Set up the Porytiles Homebrew tap via:
brew tap grunt-lucas/porytiles
Then you can install like:
brew install porytiles
To download updates, you can use the standard Homebrew flow:
brew update && brew upgrade porytiles
Porytiles is not yet available as an apt PPA,
but I am planning to look into this in the future.
If you don't have brew or don't want to install it,
you can still install Porytiles manually.
Your first step is to download the release for your desired platform.
Navigate to the Releases section.
Find the release you want to download.
Then simply download porytiles-linux-X.zip,
where X corresponds to the architecture of your system.
If you're not sure what your system architecture is,
it's probably amd64.
You can check the output of uname -m to determine your architecture.
Note
The Linux release for Porytiles is statically linked, so you do not need to install any additional libraries. Everything should work out of the box!
Navigate to the Releases section. Find the release you want to download. Go ahead and download the porytiles-macos-X.zip for the X that corresponds to your MacOS architecture. If you are using a newer Mac laptop (i.e. Apple silicon, M1, M2, etc) that's arm64. If you happen to have an older Intel Mac, never fear, just grab the amd64 release. You can run uname -m to check if you're unsure of your Mac's architecture.
Warning
While the MacOS Porytiles release statically links libpng and zlib, MacOS does not support static linking for the standard library. The MacOS Porytiles release is currently dynamically linked against your system's C++ standard library. You may run into problems if your system libraries are too old (a particular concern if you're using an Intel Mac). If you run into this problem, you have two options. Either 1) update your system libraries by downloading the latest MacOS developer tools or 2) build Porytiles from source with a new(ish) version of clang or gcc.
Unfortunately, Porytiles does not support pure Windows at this time. If you are on a Windows machine, I recommend setting up WSL2 to run Porytiles. Once you have WSL2 set up, you can follow the Linux and WSL2 instructions above. Alternatively, you could try building from source. I have heard that MinGW can compile Porytiles with a little massaging. I don't have plans to support Porytiles compilation on pure Windows, but I am open to a PR contribution if anyone is able to get it working.

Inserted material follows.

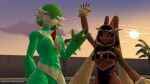 16:9 3d_(artwork) 5naptrap afternoon animal_humanoid beach black_clothing black_hoodie black_topwear brown_body clothing digital_media_(artwork) duo eyes_closed female gardevoir generation_3_pokemon generation_4_pokemon green_clothing green_hair green_hands green_suit greeting_viewer hair hi_res hoodie humanoid lagomorph lagomorph_humanoid leporid looking_at_viewer lopunny mammal mammal_humanoid nintendo pokemon pokemon_(species) rabbit smile smiling_at_viewer source_filmmaker_(artwork) street suit sunset text topwear url warfare_gardevoir warfare_lopunny warfare_machine widescreen
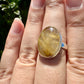 Gold Rutile Sterling Silver Ring Size 9.25: Exquisite Handcrafted Ring with Unique Golden Needle Inclusions, Ideal for Daily Wear or Special Occasions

Next, unzip the download folder. And finally, place the Porytiles executable somewhere on your system $PATH. If you're not sure what this means, just run the following command:
sudo cp ${DOWNLOADED_FOLDER}/porytiles /usr/local/bin
where ${DOWNLOADED_FOLDER} is the name of whichever release directory you downloaded and unzipped. This will copy the porytiles executable to /usr/local/bin, which is the default Linux directory for user-installed exectuables!
Tip
If you're seeing an error message saying cp: porytiles-linux-amd64/porytiles: No such file or directory or something similar, never fear. Your current working directory is not correct. If you don't know what this means, I highly recommend you pause and read through this command line tutorial for Linux. If you're on MacOS, check out this alternative tutorial. Porytiles is a CLI application, so basic familiarity with CLI principles will be key to your success. Please invest the time!
Now you can run:
porytiles --help
to confirm everything is working. Porytiles should print a lengthy help text to your terminal. If you see bash: porytiles: command not found or something similar, that means Porytiles is still not on your system $PATH. Please revisit the Installing The Release instructions above.